UN humanitarian chief urges full and unhindered access to Darfur camp
|Publisher||UN News Service|
|Publication Date||13 August 2010|
|Cite as||UN News Service, UN humanitarian chief urges full and unhindered access to Darfur camp, 13 August 2010, available at: http://www.refworld.org/docid/4c6a34d7c.html [accessed 9 October 2015]|
|Disclaimer||This is not a UNHCR publication. UNHCR is not responsible for, nor does it necessarily endorse, its content. Any views expressed are solely those of the author or publisher and do not necessarily reflect those of UNHCR, the United Nations or its Member States.|
The United Nations humanitarian chief today called for immediate access to a camp for internally displaced persons (IDPs) in Sudan's Darfur region that has been closed off to aid workers for nearly two weeks, voicing concern about the needs of the 82,000 people residing there.
"I am extremely concerned about the welfare of the IDPs at Kalma camp, to whom we have not been able to deliver relief for 13 days," said John Holmes, the Under-Secretary-General for Humanitarian Affairs and UN Emergency Relief Coordinator.
The Kalma camp in South Darfur has been the scene of recent tensions following the conclusion of the latest round of peace talks in Doha, Qatar, with some groups contending they were unrepresented. Thousands of IDPs took part in deadly protests in the camp.
In addition, Government officials in South Darfur are demanding that the joint UN-AU peacekeeping force, known as UNAMID, hand over six local leaders - five men and one woman - who sought protection at the mission's community policing centre (CPC) outside the camp following last week's protests.
A UNAMID team that visited Kalma on Tuesday reported that large parts of the camp appeared deserted, the inhabitants having left for either the CPC or one of the surrounding villages.
UN humanitarian agencies and international non-governmental organizations (NGOs) that have aid programmes in Kalma are still being prevented from entering the camp by local authorities on the ground, despite recent reassurances that such restrictions had not been imposed, the UN Office for the Coordination of Humanitarian Affairs (OCHA) said in a news release.
"We need immediate access so we can respond to the needs and conditions of those remaining there. We also need to find out how many people have left, and where they have gone, in order to provide relief to them too," said Mr.
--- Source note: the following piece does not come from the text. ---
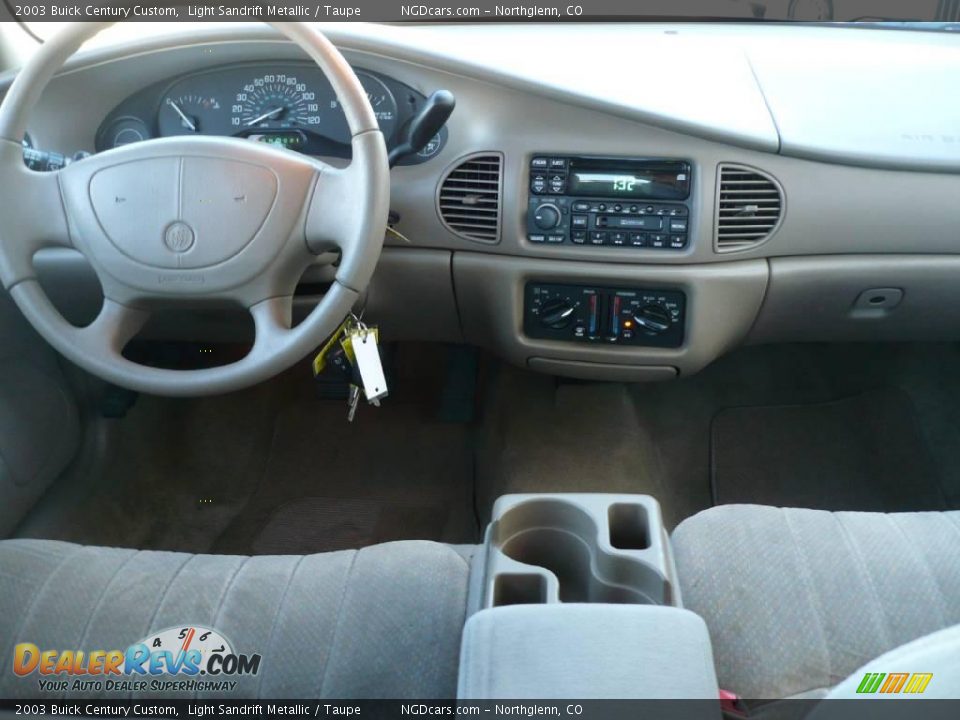 2003 Buick Century Custom Light Sandrift Metallic / Taupe Photo #10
Holmes, adding that many thousands of IDPs from Kalma remain unaccounted for.
UN agencies and NGOs are prepared to resume humanitarian operations immediately to provide the IDPs with the necessary food, water and sanitation, health, nutritional support, shelter and non-food items.
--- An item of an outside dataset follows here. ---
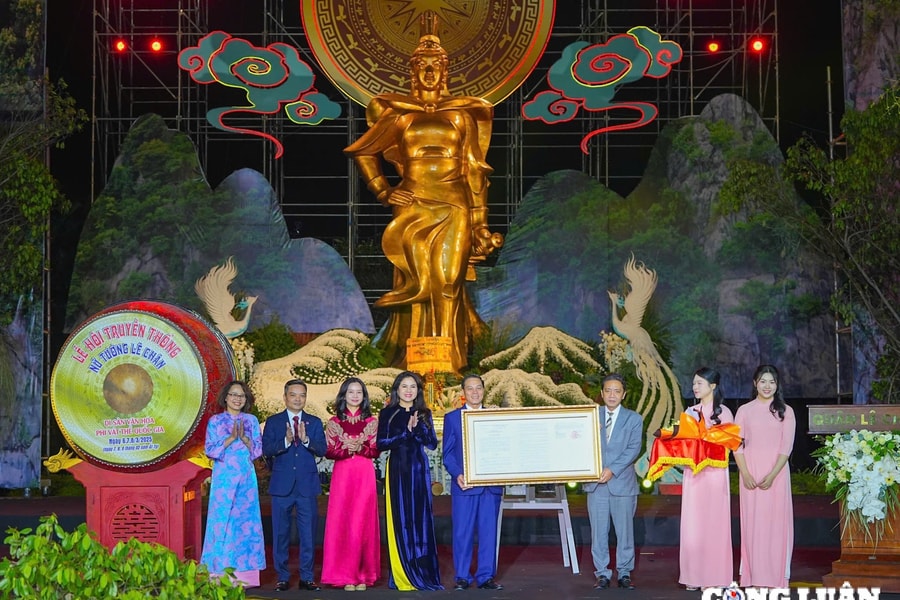 Hải Phòng đón nhận Bảo vật quốc gia “Bộ kim phẩm Đền Nghè” và khai mạc Lễ hội truyền thống Nữ tướng Lê Chân năm 2025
OCHA noted that constraints on aid agencies operating in the strife-torn region have been steadily increasing since March 2009, when 11 international NGOs were expelled from Darfur, where some 300,000 people are estimated to have been killed and another 2.7 million others displaced from their homes since fighting erupted in 2003 between rebel groups and Government forces backed by Janjaweed militiamen.
Two staff members from the International Organization for Migration (IOM) were also expelled last month.
In addition to the obstruction of aid efforts at Kalma camp, approximately 100,000 people affected by fighting in the eastern Jebel Marra region have been unreachable since February, it added.
"The United Nations has been in close contact with the relevant Sudanese authorities to restore access to both Kalma and eastern Jebel Marra, but until today progress has not been forthcoming," said Mr. Holmes.
If access is not urgently restored, the situation could deteriorate rapidly, he warned.